About 3-4" on the ground so far. I will post pics throughout the day.


----------



## f250man (Jan 28, 2005)

Looks like a good one there Tom. Be safe out there and have fun.


----------



## toby4492 (Dec 28, 2005)

Here are some early pics. Started snowing at about 4:30 this morning and the ground was bare.


----------



## toby4492 (Dec 28, 2005)

5-6" on the ground so far with the heavier snow expected this afternoon. Calling for another 8" between now and 6PM. Gonna run and take some pics and I will post them up this afternoon.


----------



## YardMedic (Nov 29, 2006)

Looks like a good friday all right! Spring? We don't need no freakin spring!


----------



## farmerkev (Dec 7, 2007)

Whats with you guys in WI gettin all of our snow!? It always does nothing over here, crosses the border, and BAM! Drops its entire load over WI. What happened to all of our real MN winters?


----------



## toby4492 (Dec 28, 2005)

Here is another pic just taken. About 8" so far


----------



## yard5864 (Nov 8, 2007)

they are still calling for 12"-15"... In for lunch and a quick nap, then back out to start the route over again!! Have to love the payup payup payup maybe the last time of the season.


----------



## YardMedic (Nov 29, 2006)

That's a pretty generous 8" don't ya think?!? I guess we all do exaggerate length.... I mean depth!


----------



## toby4492 (Dec 28, 2005)

YardMedic;545872 said:


> That's a pretty generous 8" don't ya think?!? I guess we all do exaggerate length.... I mean depth!


Feel free to come measure it if you like.


----------



## yard5864 (Nov 8, 2007)

YardMedic;545872 said:


> That's a pretty generous 8" don't ya think?!? I guess we all do exaggerate length.... I mean depth!





toby4492;545868 said:


> Here is another pic just taken. About 8" so far





toby4492;545873 said:


> Feel free to come measure it if you like.

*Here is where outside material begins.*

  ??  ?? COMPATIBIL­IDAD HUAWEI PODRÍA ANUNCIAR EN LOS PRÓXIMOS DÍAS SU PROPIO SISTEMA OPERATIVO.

I would agree and say there is pretty close to 8" on the ground now. Toby is only about 20 minutes NW of me.


----------



## nicksplowing (Oct 5, 2005)

*NICE PICTURES TOBY WHERES THE PLOWTRUCK AT THO?*


----------



## toby4492 (Dec 28, 2005)

Here was the measurement at 10 last night. Have not gone out yet this am to see how much additional if any snow fell.


----------



## toby4492 (Dec 28, 2005)

Here are a couple pics from this morning. 31" drift all across the back of the house.


----------